Nancy Trejos has weaknesses. Fine wine. Bulgari shampoo. World travel. As a personal finance writer for WaPo, all these weaknesses didn’t always add up and left her with a double life – her day job writing about people in debt and living a lifestyle well beyond her means. “I had been in denial about my financial problems, but I couldn’t do that anymore because the recession was hitting and I was on the phone with people who were hitting bankruptcy and couldn’t pay their car loans,” she said. “I just think people would rather talk about sex than money.” So she wrote a book. Her first. It’s called Hot (Broke) Messes: How to Have Your Latte and Drink it Too. I recently spoke with Trejos about what it felt like to write such a personally exposing book. Here’s what she had to say.
1. How did you come up with the title? A friend of mine helped me come up with it. She’s a writer and she and I are around the same age. We were running around D.C. together and we were dealing with our issues. One night she turned to me and said, ‘Oh we’re just hot messes.’ Hot Messes was the title I proposed. Then it became a collaboration and they wanted to change the title and add a subtitle. Finance can be such a scary thing. I didn’t want this to be a scary personal finance book. There’s a lot of prescriptive advice, but I tell it through my story, which at times is sad, but at other times, funny. I wanted this to be a fun title with a fun cover.
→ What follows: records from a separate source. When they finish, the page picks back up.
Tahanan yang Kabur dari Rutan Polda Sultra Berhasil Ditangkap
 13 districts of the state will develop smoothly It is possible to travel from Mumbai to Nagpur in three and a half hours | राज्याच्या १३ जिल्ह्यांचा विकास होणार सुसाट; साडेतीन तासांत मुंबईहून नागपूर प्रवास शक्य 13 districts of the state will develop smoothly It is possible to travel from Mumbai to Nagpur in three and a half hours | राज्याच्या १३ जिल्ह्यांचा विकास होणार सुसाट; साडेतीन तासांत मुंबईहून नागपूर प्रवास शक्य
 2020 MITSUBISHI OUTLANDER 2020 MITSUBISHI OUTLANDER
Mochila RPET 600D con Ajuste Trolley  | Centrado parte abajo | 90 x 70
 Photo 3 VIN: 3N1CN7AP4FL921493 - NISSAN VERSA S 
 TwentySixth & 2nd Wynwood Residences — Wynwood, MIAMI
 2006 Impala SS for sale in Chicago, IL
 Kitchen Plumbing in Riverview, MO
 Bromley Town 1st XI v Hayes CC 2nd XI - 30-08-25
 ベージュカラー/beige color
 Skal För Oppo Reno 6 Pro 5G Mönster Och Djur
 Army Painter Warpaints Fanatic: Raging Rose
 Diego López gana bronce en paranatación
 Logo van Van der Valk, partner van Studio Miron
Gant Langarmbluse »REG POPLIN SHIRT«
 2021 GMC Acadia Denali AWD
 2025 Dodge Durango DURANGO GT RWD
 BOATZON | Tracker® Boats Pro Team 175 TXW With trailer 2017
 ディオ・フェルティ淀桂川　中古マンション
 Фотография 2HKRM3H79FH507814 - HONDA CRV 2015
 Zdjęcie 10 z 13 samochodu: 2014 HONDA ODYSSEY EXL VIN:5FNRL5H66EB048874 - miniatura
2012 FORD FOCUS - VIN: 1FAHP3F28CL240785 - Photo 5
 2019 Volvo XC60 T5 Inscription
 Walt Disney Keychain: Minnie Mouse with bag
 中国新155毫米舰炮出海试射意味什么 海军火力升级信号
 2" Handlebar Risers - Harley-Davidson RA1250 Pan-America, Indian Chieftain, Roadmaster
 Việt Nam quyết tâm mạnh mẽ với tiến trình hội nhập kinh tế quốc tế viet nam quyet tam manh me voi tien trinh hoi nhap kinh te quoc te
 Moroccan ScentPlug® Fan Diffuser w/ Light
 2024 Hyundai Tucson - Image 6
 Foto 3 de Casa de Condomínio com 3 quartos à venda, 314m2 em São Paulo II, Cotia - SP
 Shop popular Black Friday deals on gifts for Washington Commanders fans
2. In your book you go into almost excruciating detail about your spending. How is your spending these days and how’s the debt situation? I’m a lot better now. I used to be such an impulsive spender and an emotional spender. I’d go through a breakup and go out and buy new outfits because I’d want to look better and feel better. I’d take an impulsive trip whenever something bad was happening because I just wanted to go away. I think and I have a budget. I have been able to pay off my credit cards. I still have my car loan, my student loans. I’m so much better than I was. When you’re fixing your finances it takes a long time. I’m still a work in progress. I still have to be very careful with how I spend my money. I still have to reign in that impulsive attitude. Now I think before I spend.